» PROVIDED MATERIAL:
------------------------------------------------------------

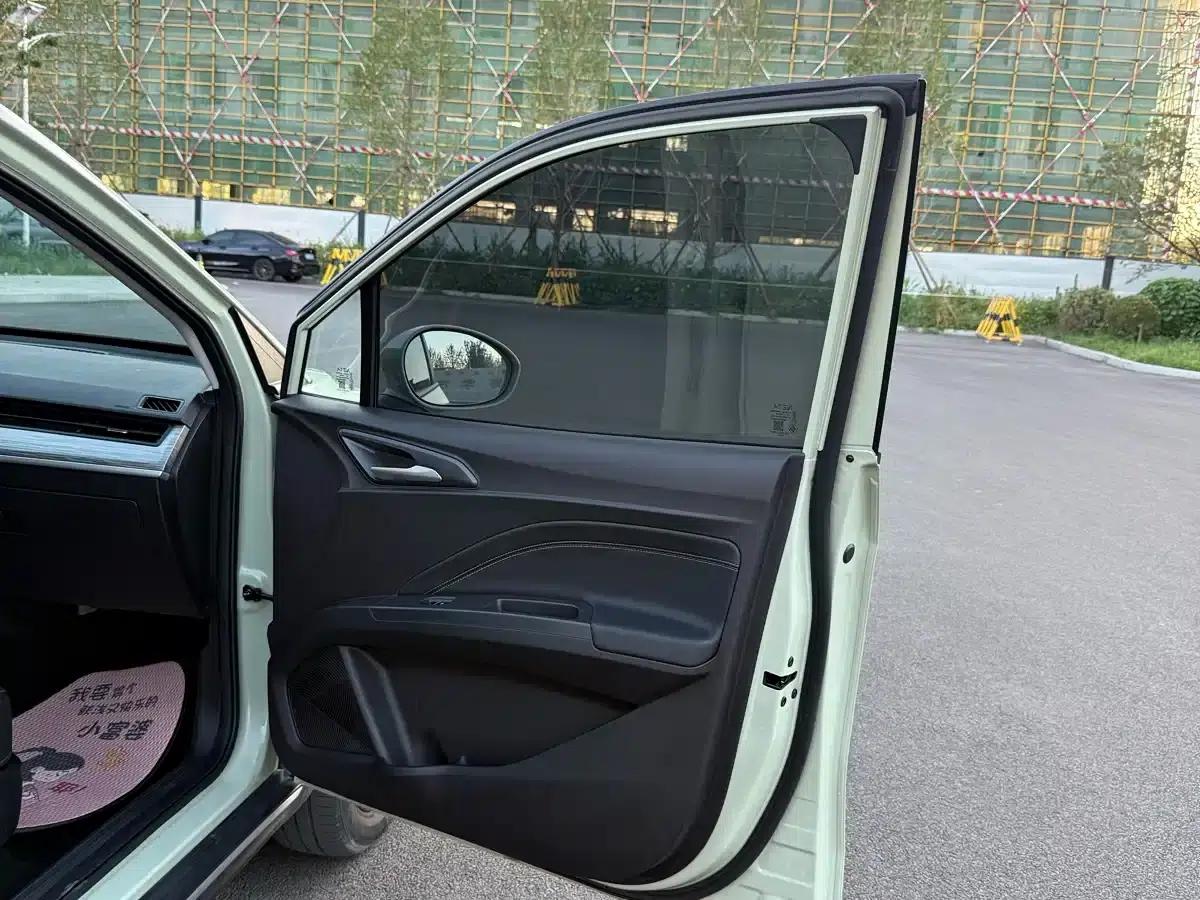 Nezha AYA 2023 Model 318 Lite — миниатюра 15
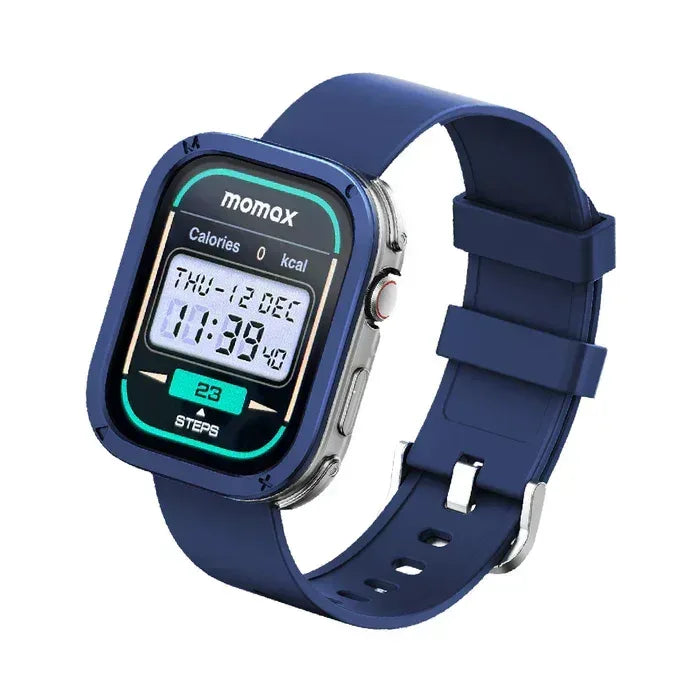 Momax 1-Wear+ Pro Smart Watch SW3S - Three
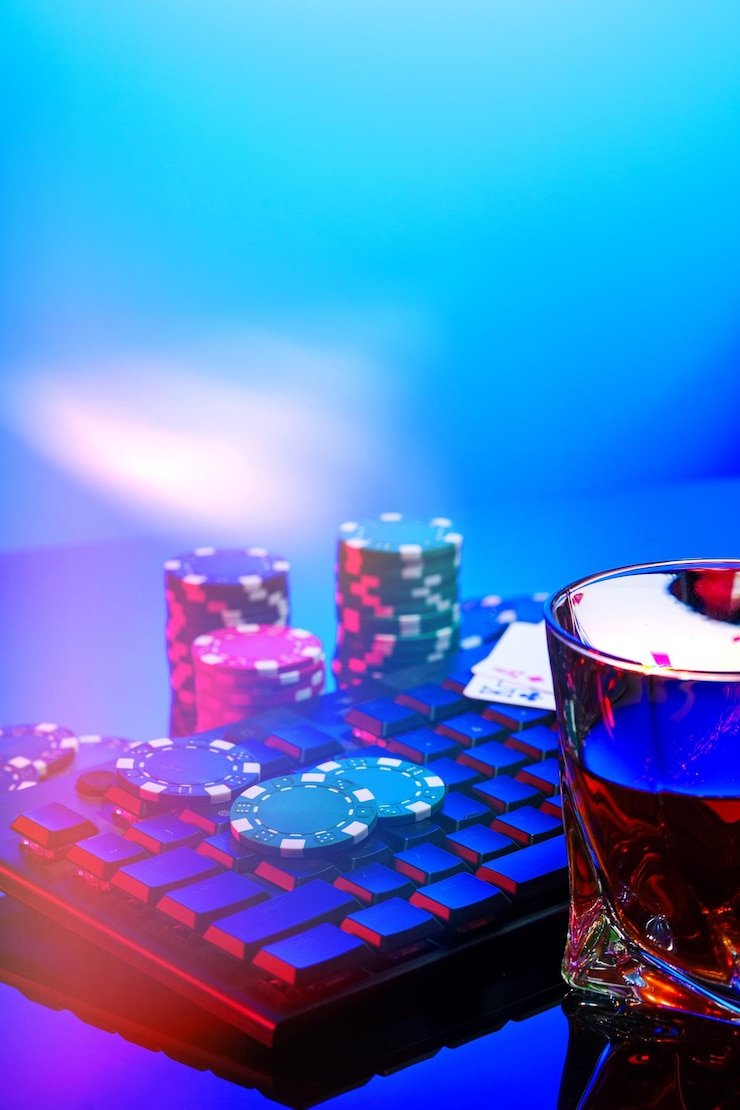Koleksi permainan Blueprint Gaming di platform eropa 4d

------------------------------------------------------------

» TASK OBJECTIVE:
Everything above should be given again exactly, apart from the pictures.

» FINISHED TASK:
 Nezha AYA 2023 Model 318 Lite — миниатюра 15
 Momax 1-Wear+ Pro Smart Watch SW3S - Three
Koleksi permainan Blueprint Gaming di platform eropa 4d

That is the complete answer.